Hey, inflatable is better than nothing for sure! No matter what you're talking about (inflatable vs. rigid, sit-in vs. sit-on, canoe vs. kayak... and a million other debates), there will always be people on both sides. The good news is, you're not as limited by transportation issues as you may have originally thought. However, if you can't store it, it doesn't matter how easily you can transport it. Inflatable is certainly an option. Tracking issues tend to be problematic on lakes, but perhaps not as bad on streams if you mostly plan on riding the current. Punctures are always a concern but with care, most can be avoided (and the rest are usually repairable as was already mentioned). I have an inflatable stand up paddleboard and I believe it was well worth the price I paid for it. I don't fish from it (haven't yet anyway, may try someday) but I paddle it fairly regularly for enjoyment and for exercise. It's very easy to take on vacation with me (kayak on the roof, paddleboard rolled up inside the car)... where I get to surf waves with it and use it to run shark baits out a few hundred yards offshore. It's very durable for an inflatable, but I still have to be more careful with it than with my kayaks which are plastic.

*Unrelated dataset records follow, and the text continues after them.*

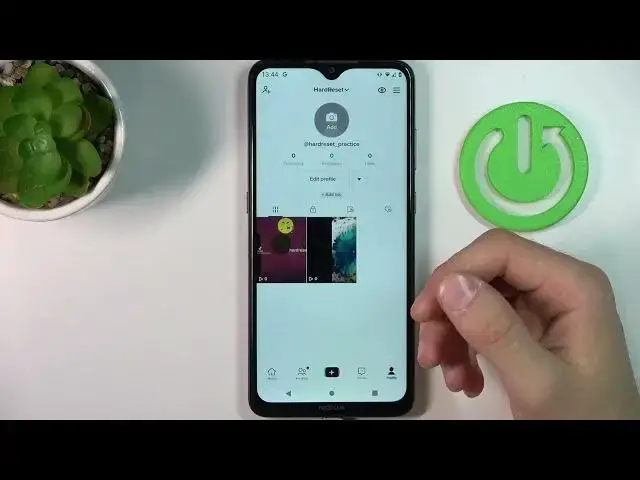Video thumbnail for How to see who viewed your TikTok videos | Statistics of visits and video views on TikTok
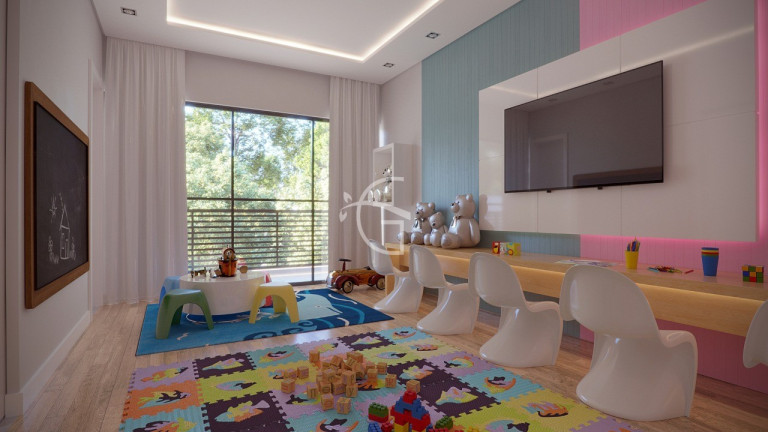 Imagem Apartamento com 2 Quartos à Venda, 76 m² em Saguaçu - Joinville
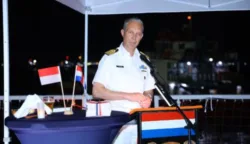 sekarangaja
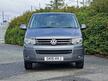 Volkswagen Transporter Shuttle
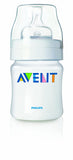 Philips Avent 2 Pack Classic Slow Flow Nipple, 0M+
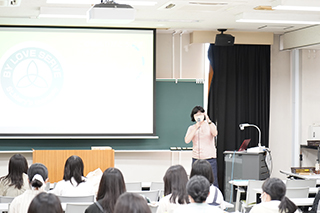 大学入試説明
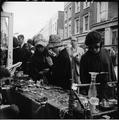 A stall at Portobello Road Market, Notting Hill Image preview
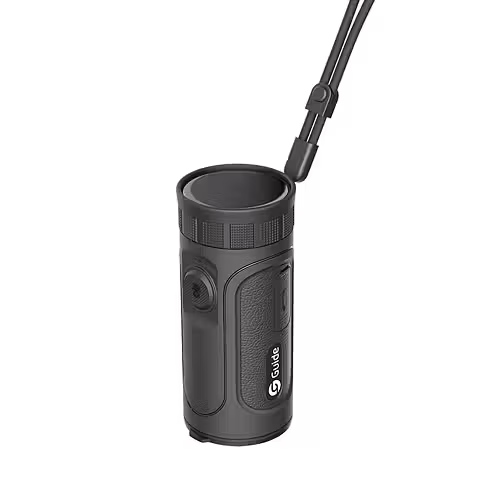 Guide TE210MS Thermal Monocular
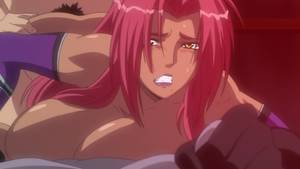 giant breasted hentai - 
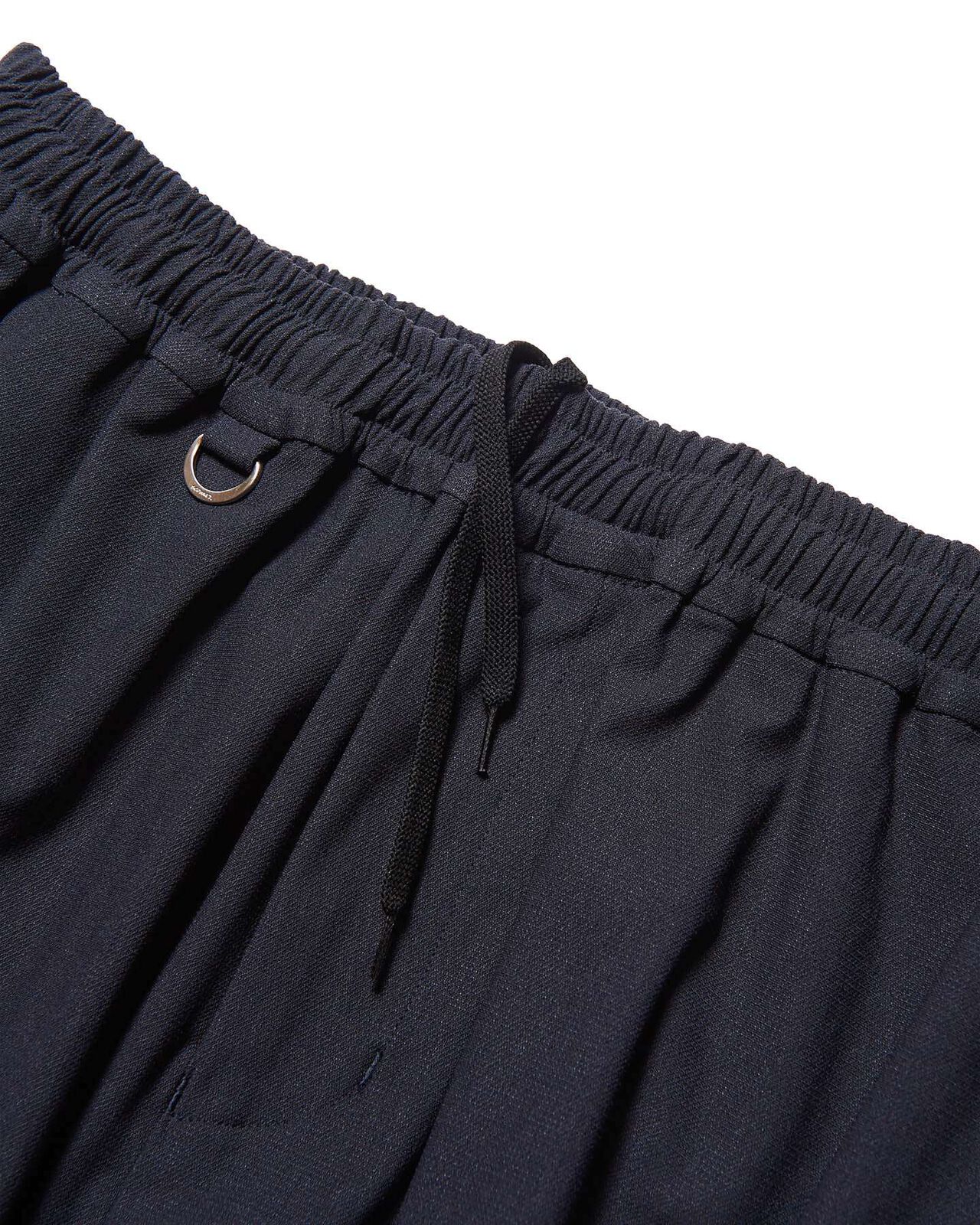 4-WAY STRETCH LOOSE-FIT JOGGER PANTS,NAVY, large image number 2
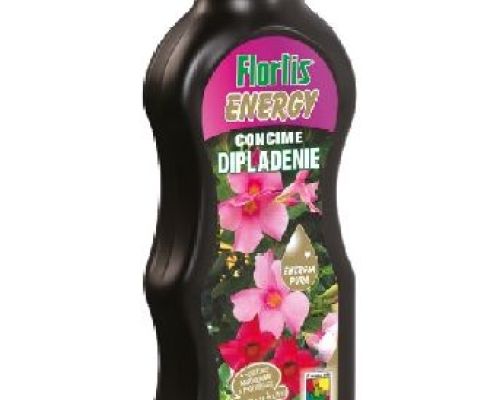 FLORTIS ENERGY DIPLADENIE 500 G <br/> Concime per Piante da Esterno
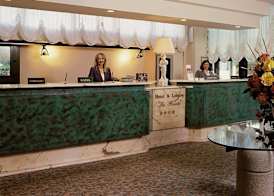 Hotel & Loisir Le Ruote 3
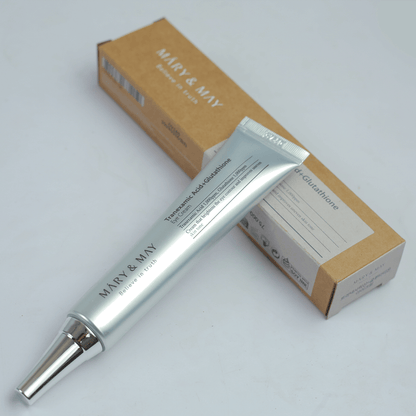 Tranexamic Acid + Glutathion Eye Cream - Cherry Beauty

Do you have much experience paddling or are you just now looking to get into it? Have you kayaked much in plastic kayaks? Ever try an inflatable kayak? Might be good to try before spending a bunch of money. Not sure if any kayak outfitters that do demos (test paddles) also allow customers to demo inflatables, but if so, try and do that because it may tell you a lot about whether or not you'll enjoy one.


----------



## Bubbagon (Mar 8, 2010)

Tbusy said:


> Yet, I still have the issue of storage, since I live in an apartment.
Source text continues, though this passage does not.